“I don’t know how and why but I know there is someone who knows. God knows, so I know this is my way. I want to love God more. I want to pray more. I want to cry more for God. I want to have more purity, simplicity, and devotion. To please God in his own way. I have hope and I have faith in God, and I know that one day I will run.”….Ananda Lahari
Over last 12 days Ananda Lahari has barely run a step and yet he never stops and continues to walk on, hour after hour. His chances of completing the full distance flew off long ago and yet his cheerfulness and quiet calm commitment have not. Where many would become despondent and desperate when confronted by such a fate Ananda Lahari seems to increasingly continue to gather up inner strength and poise. Something not so apparent when you see his slight sweet smiling presence glide past.
This is his 8th summer here. Like very few others he knows all too well the challenges thrown up in front of all those who approach the starting line. On 5 previous occasions he has felt the ribbon break as he crossed the finish line. He has been applauded and cheered and had songs sung in his honor. Some years back he realized that running through a blue ribbon after circling the course 5649 times was not really why he needed to come here.
Not that he wouldn’t want to achieve this honor but perhaps more than most he is also aware of the real rewards and goals that can be experienced when you nudge and shift your focus from the glaring outer realty to the glowing inner one.
There is an obvious intensely difficult athletic competition and then there is the inner journey. One with no finish line and no obvious reward.

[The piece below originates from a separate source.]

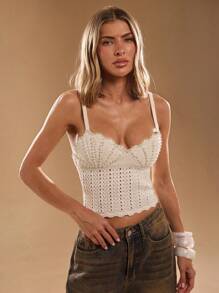 SHEIN BAE 女士仿珍珠细肩带镂空针织上衣，时尚 - 米色 - 查看 7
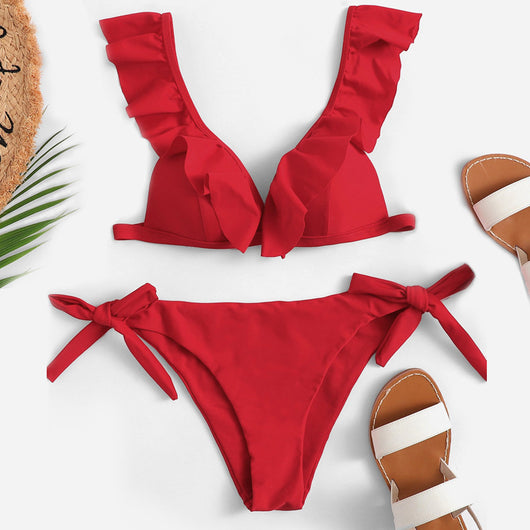 Bikini Sexy Fruncido con Cuello en V y Colores Lisos - Image 3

Perhaps if he is still clinging to one tiny desire is that he once again find the strength and energy to be able to lift up his knees and run again. But if it doesn’t happen it will not be any kind of tragedy at all. For above and beyond everything else is much larger and all encompassing heartfelt wish,’To please God in his own way.’
He is one of the great figures of the 20th century and yesterday President Nelson Mandela of South Africa celebrated his 94th birthday. Through his leadership, actions, and words he personally transformed not only the fate of his country but also in many ways the world as well. His commitment to finding and moving forward on a real path so that his people could attain for the first time not just democracy but as well true peace and freedom.
His was a vision that was far above and beyond what most even thought possible and yet he patiently and tirelessly brought his nation to that goal and then beyond.
An eminent statesmen such as he probably would appear to have little in common with 11 runners and yet so much of what he has said and done captures the measure of greatness that is at the very heart of this Self Transcendence race.
After climbing a great hill, one only finds that there are many more hills to climb.
A good head and a good heart are always a formidable combination.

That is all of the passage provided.